La compagnie aérienne européenne à bas prix Wizz Air a expliqué qu’elle n’envisageait pas d’exploiter des vols réguliers vers les États-Unis et qu’une récente demande de droits de vol vers ce pays était basée sur la possibilité d’opérer des vols charters pour la Coupe du monde de football.
S’exprimant lors d’une conférence téléphonique sur les résultats du troisième trimestre fiscal le 29 janvier, le directeur financier de Wizz, Ian Malin, a répondu aux récents reportages liant le transporteur à des vols transatlantiques réguliers, en déclarant : « Nous n’avons pas de projet de service régulier vers les États-Unis ».
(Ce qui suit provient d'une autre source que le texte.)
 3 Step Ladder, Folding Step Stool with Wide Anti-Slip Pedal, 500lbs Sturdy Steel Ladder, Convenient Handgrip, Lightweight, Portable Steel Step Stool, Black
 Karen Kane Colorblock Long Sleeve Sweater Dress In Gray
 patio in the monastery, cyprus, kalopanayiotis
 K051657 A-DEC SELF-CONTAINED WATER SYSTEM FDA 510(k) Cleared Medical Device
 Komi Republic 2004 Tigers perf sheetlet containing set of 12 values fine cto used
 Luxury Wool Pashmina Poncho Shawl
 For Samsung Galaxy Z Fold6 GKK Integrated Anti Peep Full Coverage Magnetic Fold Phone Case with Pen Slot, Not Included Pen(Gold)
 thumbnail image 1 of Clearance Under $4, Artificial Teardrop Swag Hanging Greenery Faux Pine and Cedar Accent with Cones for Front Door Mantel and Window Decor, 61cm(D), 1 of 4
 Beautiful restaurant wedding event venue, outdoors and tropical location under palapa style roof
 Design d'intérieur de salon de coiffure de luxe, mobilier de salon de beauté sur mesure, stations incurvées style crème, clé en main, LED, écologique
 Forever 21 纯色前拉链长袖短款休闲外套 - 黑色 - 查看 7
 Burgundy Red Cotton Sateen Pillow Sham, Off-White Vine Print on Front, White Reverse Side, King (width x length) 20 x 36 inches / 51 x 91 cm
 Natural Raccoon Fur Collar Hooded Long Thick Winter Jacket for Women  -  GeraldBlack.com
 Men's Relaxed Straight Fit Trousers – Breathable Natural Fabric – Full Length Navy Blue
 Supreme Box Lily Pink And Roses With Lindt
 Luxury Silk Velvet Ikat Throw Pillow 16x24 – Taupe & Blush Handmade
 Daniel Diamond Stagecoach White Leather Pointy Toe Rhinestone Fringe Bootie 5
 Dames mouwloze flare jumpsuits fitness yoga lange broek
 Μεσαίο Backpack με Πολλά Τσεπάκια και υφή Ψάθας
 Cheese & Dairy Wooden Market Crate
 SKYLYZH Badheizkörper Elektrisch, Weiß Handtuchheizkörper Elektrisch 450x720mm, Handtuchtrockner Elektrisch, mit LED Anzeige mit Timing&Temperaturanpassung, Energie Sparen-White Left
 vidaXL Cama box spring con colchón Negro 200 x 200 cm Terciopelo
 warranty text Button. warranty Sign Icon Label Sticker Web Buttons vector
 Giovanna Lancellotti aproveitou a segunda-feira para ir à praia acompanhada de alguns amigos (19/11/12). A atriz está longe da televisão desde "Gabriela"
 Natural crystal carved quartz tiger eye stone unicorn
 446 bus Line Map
Au lieu de cela, la récente soumission de Wizz au ministère américain des Transports via ses activités au Royaume-Uni – visant à obtenir la « pleine portée » des droits dans le cadre de l’accord de « ciel ouvert » entre les États-Unis et le Royaume-Uni – est due au fait que Wizz voit une opportunité commerciale dans l’utilisation de ses Airbus A321XLR pour opérer des vols charters pour le tournoi de football, qui débute en juin de cette année et est accueilli par les États-Unis aux côtés du Canada et du Mexique.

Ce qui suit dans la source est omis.